[Short text fragments from websites]
BEGIN

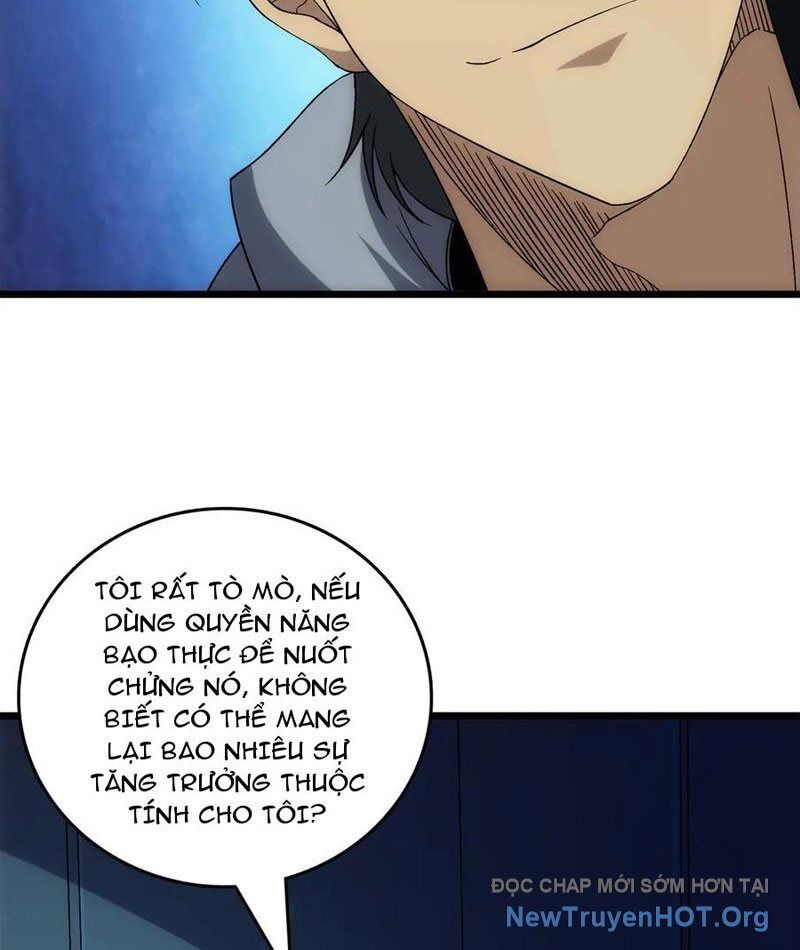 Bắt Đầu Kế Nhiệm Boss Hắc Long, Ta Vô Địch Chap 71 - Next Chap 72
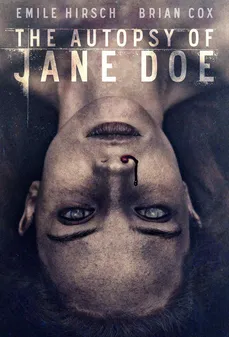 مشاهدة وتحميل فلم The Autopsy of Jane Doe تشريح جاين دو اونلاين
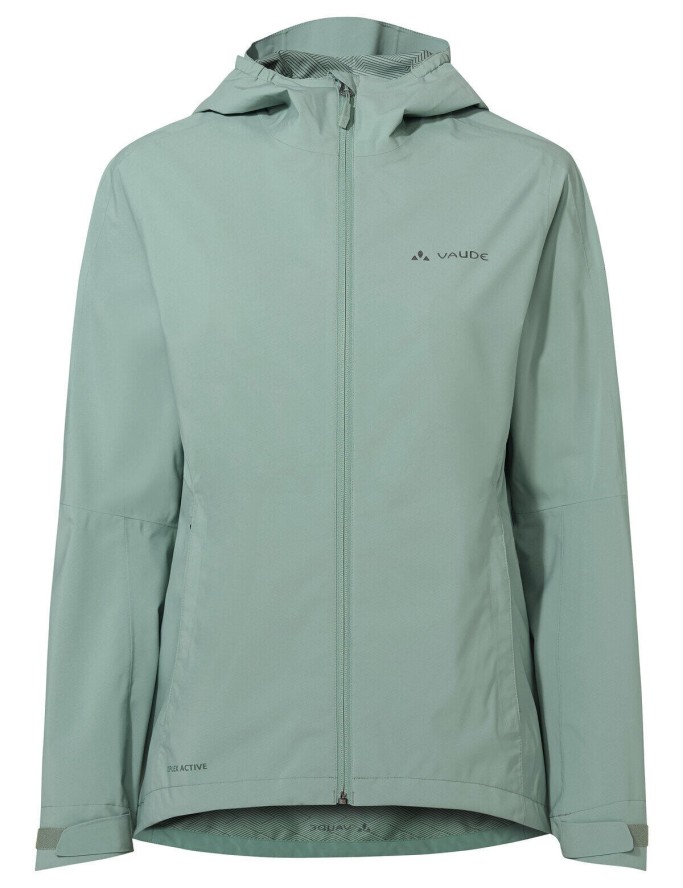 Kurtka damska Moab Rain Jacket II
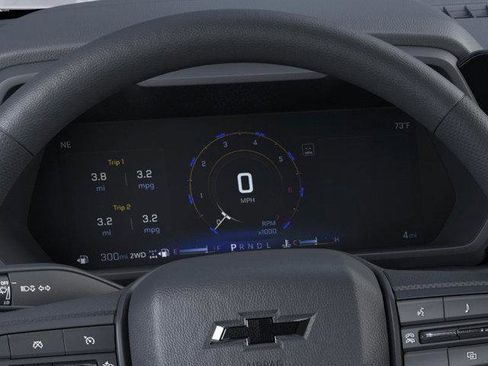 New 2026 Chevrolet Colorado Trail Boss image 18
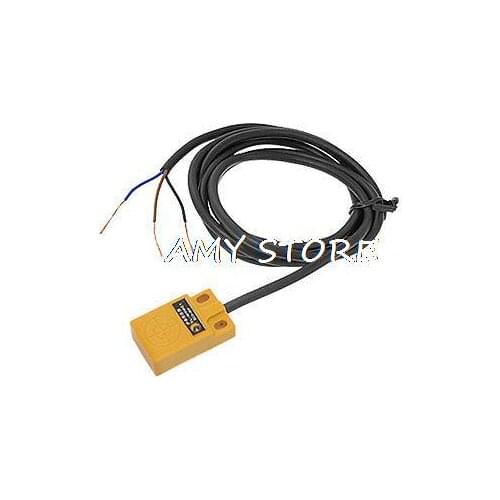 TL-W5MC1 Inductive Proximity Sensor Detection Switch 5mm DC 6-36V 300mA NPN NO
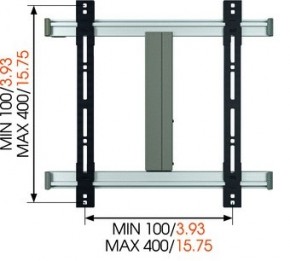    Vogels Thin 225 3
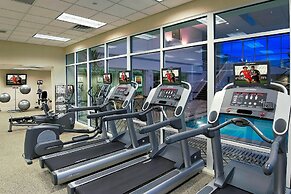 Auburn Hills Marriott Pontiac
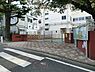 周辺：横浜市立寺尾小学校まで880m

END

## What you will do
Give back the data exactly. Pictures stay out.

## Answer to this exercise
 Bắt Đầu Kế Nhiệm Boss Hắc Long, Ta Vô Địch Chap 71 - Next Chap 72
 مشاهدة وتحميل فلم The Autopsy of Jane Doe تشريح جاين دو اونلاين
 Kurtka damska Moab Rain Jacket II
 New 2026 Chevrolet Colorado Trail Boss image 18
 TL-W5MC1 Inductive Proximity Sensor Detection Switch 5mm DC 6-36V 300mA NPN NO
    Vogels Thin 225 3
 Auburn Hills Marriott Pontiac
 周辺：横浜市立寺尾小学校まで880m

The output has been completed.